WORK TO COMPLETE: Please restate every line below exactly, without any pictures.

(Beginning of AVAILABLE DATA)

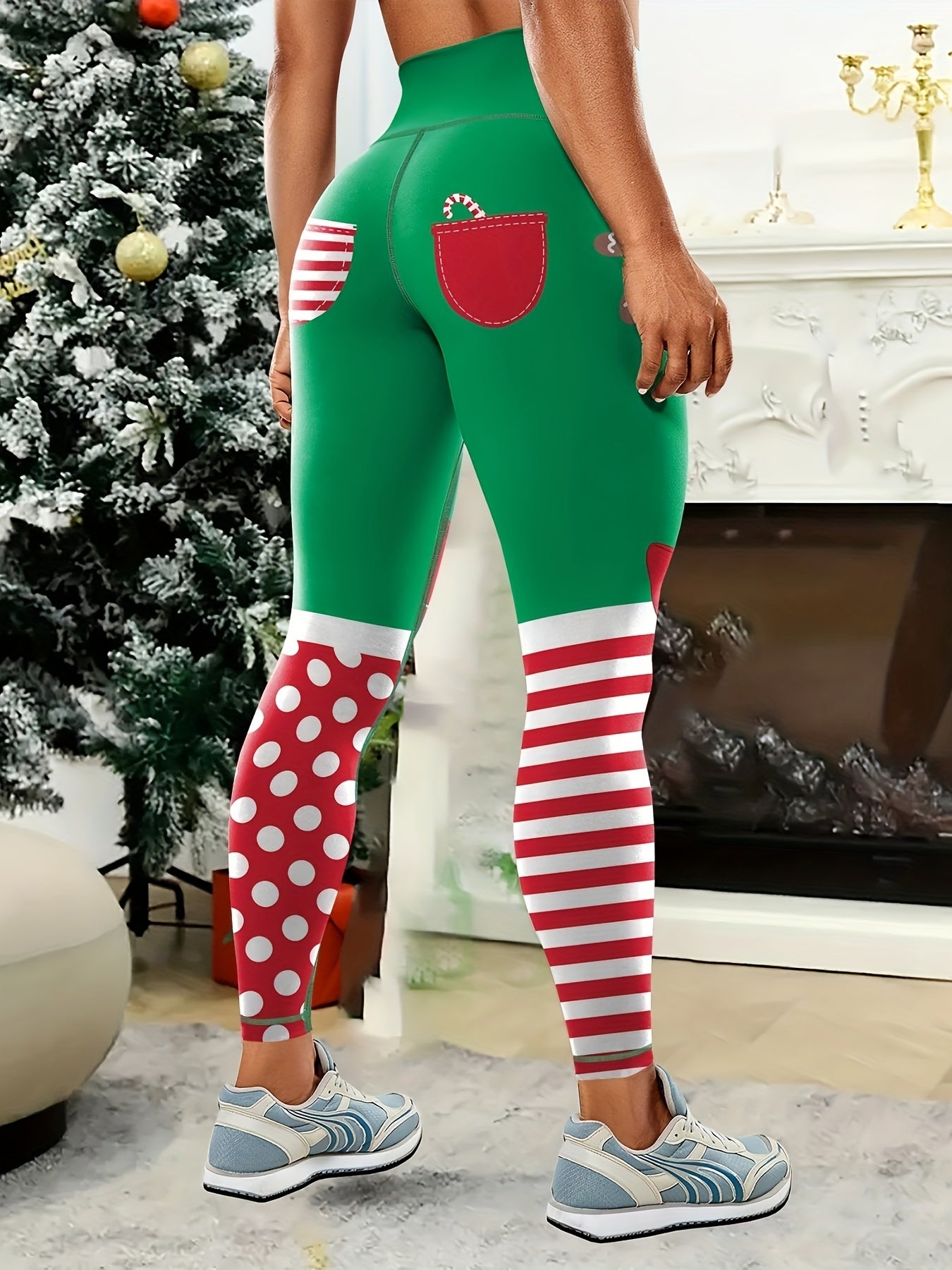 Christmas Print Fashion Fitness Training Tummy Control Skinny Yoga Pants
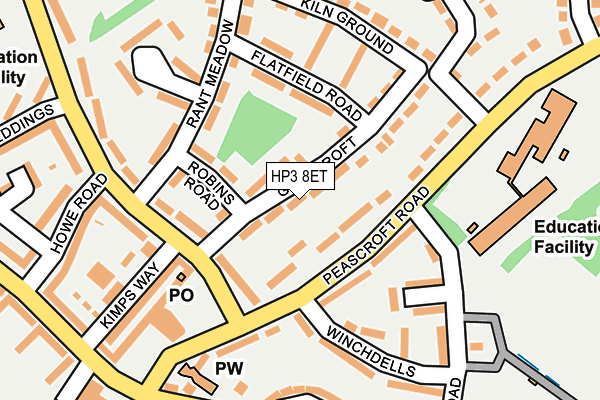 HP3 8ET map - OS OpenMap – Local (Ordnance Survey)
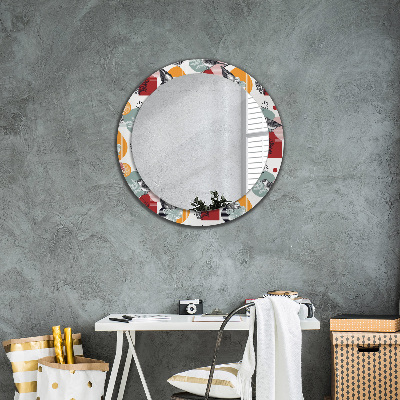 Miroir rond avec décoration Abstraction avec des oiseaux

(End of AVAILABLE DATA)

EXERCISE OUTPUT:
 Christmas Print Fashion Fitness Training Tummy Control Skinny Yoga Pants
 HP3 8ET map - OS OpenMap – Local (Ordnance Survey)
 Miroir rond avec décoration Abstraction avec des oiseaux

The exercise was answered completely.